Cross-Modality Spatial-Temporal Transformer for Video-Based Visible-Infrared Person Re-Identification
Yujian Feng,Feng Chen,Jian Yu,Yimu Ji,Fei Wu,Tianliang Liu,Shangdong Liu,Xiao-Yuan Jing,Jiebo Luo
DOI: https://doi.org/10.1109/tmm.2024.3354575
IF: 7.3
2024-01-01
IEEE Transactions on Multimedia
Abstract:Video-based visible-infrared person re-identification (VVI-ReID) aims to match the identity of a person captured in video sequences from both visible and infrared cameras. The VVI-ReID task requires considering both the spatial relationship between body parts within each frame and the temporal change of appearance between successive frames. Existing VVI Re-ID methods employ Convolutional Neural Networks to extract local spatial features and Long Short-Term Memory to form temporal associations. However, these methods can not effectively capture the global spatial feature and the long-range temporal dependencies in ultra-long sequences.

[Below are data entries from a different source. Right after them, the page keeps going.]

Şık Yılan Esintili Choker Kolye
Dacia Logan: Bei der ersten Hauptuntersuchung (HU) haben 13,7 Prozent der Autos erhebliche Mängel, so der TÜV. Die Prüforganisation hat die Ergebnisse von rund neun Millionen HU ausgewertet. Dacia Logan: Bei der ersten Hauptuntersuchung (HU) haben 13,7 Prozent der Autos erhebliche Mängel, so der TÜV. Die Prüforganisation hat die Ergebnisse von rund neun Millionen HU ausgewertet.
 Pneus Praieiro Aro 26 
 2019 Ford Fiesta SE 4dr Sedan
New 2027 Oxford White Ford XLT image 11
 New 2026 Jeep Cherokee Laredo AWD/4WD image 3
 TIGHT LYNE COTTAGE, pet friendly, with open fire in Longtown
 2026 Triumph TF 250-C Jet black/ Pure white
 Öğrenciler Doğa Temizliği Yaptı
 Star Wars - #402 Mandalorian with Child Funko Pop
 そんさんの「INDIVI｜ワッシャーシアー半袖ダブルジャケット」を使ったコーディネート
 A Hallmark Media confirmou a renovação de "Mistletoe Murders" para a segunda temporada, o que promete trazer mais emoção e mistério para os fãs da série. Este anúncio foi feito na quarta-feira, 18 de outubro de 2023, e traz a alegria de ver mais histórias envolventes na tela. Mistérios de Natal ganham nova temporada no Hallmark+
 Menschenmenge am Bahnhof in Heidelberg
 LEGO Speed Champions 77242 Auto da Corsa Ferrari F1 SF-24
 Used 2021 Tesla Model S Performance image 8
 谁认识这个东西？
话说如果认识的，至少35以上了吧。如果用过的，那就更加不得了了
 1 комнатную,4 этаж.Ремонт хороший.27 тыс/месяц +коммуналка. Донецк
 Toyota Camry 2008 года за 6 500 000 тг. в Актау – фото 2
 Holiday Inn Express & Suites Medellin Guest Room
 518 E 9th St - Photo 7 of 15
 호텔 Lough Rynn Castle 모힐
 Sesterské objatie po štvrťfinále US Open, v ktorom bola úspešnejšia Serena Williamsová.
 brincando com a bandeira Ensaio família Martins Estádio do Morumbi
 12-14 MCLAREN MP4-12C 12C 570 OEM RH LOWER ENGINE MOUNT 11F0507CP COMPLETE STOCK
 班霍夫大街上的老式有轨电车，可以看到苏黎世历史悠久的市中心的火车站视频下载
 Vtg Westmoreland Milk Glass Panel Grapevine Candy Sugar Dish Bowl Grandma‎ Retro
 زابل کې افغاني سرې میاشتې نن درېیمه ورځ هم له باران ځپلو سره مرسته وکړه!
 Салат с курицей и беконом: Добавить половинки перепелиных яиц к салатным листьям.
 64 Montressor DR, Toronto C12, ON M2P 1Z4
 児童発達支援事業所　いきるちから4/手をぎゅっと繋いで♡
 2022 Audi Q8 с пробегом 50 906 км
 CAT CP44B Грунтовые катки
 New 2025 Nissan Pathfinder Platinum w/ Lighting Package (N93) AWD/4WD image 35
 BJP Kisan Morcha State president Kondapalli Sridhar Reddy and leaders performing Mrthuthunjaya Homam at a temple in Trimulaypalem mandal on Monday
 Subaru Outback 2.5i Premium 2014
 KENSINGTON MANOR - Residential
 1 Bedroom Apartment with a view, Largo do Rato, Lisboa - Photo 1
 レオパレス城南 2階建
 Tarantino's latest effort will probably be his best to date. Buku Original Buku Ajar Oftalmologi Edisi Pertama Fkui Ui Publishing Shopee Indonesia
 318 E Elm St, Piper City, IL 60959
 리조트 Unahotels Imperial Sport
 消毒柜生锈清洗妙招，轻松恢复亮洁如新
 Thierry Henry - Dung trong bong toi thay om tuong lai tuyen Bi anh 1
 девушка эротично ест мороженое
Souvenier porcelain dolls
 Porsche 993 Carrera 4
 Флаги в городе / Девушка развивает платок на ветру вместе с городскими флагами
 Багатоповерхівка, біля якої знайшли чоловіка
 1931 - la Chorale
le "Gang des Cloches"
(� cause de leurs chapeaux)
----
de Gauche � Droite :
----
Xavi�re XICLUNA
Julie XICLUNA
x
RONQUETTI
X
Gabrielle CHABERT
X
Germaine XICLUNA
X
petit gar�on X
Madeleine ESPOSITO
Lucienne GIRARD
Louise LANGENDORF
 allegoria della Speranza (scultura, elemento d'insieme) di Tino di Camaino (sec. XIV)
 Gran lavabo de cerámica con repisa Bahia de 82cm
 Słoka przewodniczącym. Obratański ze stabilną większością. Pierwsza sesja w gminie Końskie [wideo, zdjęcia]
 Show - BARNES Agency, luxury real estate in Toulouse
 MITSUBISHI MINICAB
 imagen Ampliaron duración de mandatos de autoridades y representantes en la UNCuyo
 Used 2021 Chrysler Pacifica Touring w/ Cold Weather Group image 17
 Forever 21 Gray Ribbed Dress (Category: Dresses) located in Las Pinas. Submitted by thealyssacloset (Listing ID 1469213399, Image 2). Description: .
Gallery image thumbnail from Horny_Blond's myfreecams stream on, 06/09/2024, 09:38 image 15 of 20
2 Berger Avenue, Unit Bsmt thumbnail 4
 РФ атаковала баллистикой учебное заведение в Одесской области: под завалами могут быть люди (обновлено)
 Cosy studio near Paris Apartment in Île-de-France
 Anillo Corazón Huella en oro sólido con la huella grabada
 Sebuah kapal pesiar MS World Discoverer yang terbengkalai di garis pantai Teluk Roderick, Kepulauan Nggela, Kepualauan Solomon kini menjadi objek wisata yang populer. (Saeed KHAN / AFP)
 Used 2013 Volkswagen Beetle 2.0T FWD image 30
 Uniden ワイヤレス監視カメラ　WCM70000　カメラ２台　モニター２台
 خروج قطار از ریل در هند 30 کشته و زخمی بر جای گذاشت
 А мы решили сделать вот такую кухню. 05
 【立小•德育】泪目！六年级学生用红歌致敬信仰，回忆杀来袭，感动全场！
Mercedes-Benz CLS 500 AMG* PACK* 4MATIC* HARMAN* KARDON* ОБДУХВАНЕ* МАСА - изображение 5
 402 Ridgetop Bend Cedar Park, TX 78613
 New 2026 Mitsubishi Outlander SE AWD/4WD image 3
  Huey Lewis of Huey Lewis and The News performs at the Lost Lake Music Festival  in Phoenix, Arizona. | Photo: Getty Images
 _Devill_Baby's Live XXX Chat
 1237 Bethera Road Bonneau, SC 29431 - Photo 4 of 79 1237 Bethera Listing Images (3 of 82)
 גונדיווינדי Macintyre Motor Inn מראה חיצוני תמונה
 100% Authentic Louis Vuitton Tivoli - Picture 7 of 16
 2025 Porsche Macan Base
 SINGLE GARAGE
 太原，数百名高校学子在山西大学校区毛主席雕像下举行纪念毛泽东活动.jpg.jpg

In this paper, we propose a Cross-modality Spatial-temporal Transformer (CST) including a Cross-frame Tube Transformer Module (CTTM) and a Multi-frame Transformer Fusion Module (MTFM) to address these challenges. Firstly, CTTM tokenizes a video clip into multiple 3D tubes, each encapsulating local spatial-temporal information of pedestrians, and then obtains global spatial-temporal representations by establishing the relationship between tubes. Secondly, we design MTFM to exchange information between multiple frames using message tokens, thus modeling the long-range temporal dependencies of features of pedestrians. In addition, to prevent the potential representation collapse caused by triplet-based loss functions, we propose a diversity-consistency (DC) loss function to preserve the diversity and consistency of cross-modality feature representations by imposing variance, invariance, and covariance constraints in feature representations. Extensive benchmark experiments demonstrate that our approach outperforms the state-of-the-art methods with large margins.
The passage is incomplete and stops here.